In the previous post, I should have mentioned that young warriors--the boys the French always called "la jeunesse" ("the youth")--were known in Miami-Illinois as aremooki 'dogs'. This term is evinced in Pinet's dictionary's entry << jeunes guerriers arem8ki >>. They appear to have been daunting adversaries.


Saturday, March 21, 2015

Dogs



All three dictionaries of the language of the Miami and Illinois peoples created in situ by Jesuit missionaries in the late 1600s and early 1700s exhibit ethnologically interesting items.

From the late 1690s Pierre-François Pinet’s French-Illinois dictionary gives not only the word for the Indians’ dog, which was aremwa, but also a term for the dogs brought to the Illinois Country from France. 

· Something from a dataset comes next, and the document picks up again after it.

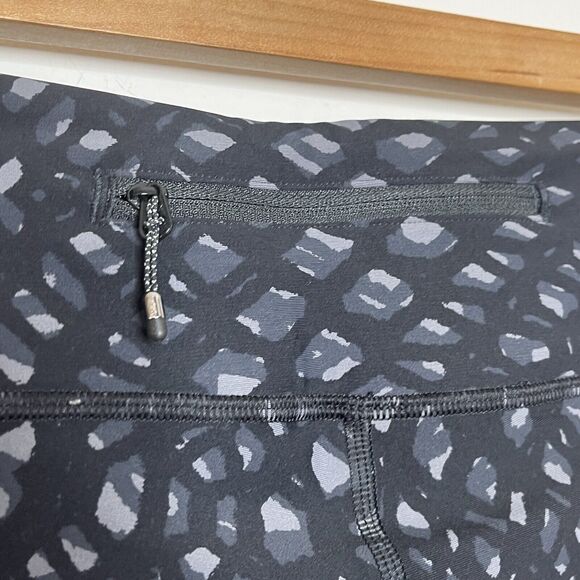 Lululemon Tight Stuff Tight Simply Lace Play Dark Slate Black Luxtreme Size 6 - Picture 8 of 9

Pinet’s dictionary entry begins with chien francois qui a les oreilles --baisses (sic)-- courbees (French dog, which has lowered curved ears), where his baisses meaning “lowered” is scratched out and replaced by courbees meaning “curved,” as he realized that baisses was an ambiguous, misleading term. What is curious and touching about Pinet’s entry is that right above this entry he added a small figure in the form of a superscripted U to show the shape of the ear that he was talking about. It seems that he probably not that satisfied with the “curved” notion, either.

Pinet wrote the Illinois term for the French dog in the form         
 << papakichia >>. His 17th -century French spelling representing phonemic papakihšia, where the initial morpheme papak-  means “flat,” is derived from the verb “lie flat,” peepakihšin-. French dogs had floppy ears. The Indians’ dogs of course had ears that pointed up like wolves.

Jean Le Boullenger gives the same spelling for the Illinois word for the French dog in his own dictionary while providing a better term than “curved” to describe the dog’s ears. He wrote  chien franc. qui a les oreilles pendantes, meaning “French dog whose ears hang down”. 

Occasionally, one comes across real gems in these old Miami-Illinois language dictionaries, and here is another today. It’s the expression recorded by Le Boullenger from the Michigamea and/or the Kaskaskia for calling dogs. Le Boullenger wrote << cri pour appeler les ch(iens)  pic88 pic88 >>.

Now, the symbol 8 was a short hand and unequivocal way for writing French ou. However, the occurrence of two of these symbols appearing together at the end of words as in << pic88 >> is extremely rare. The intended phonetic form of the term is most probably [piikoo-piikoo], with natural elongation of the imperative suffix -o. The exclamation is likely a simplified, canine-adapted form of pyaako ‘Come!’, the plural command form of the verb.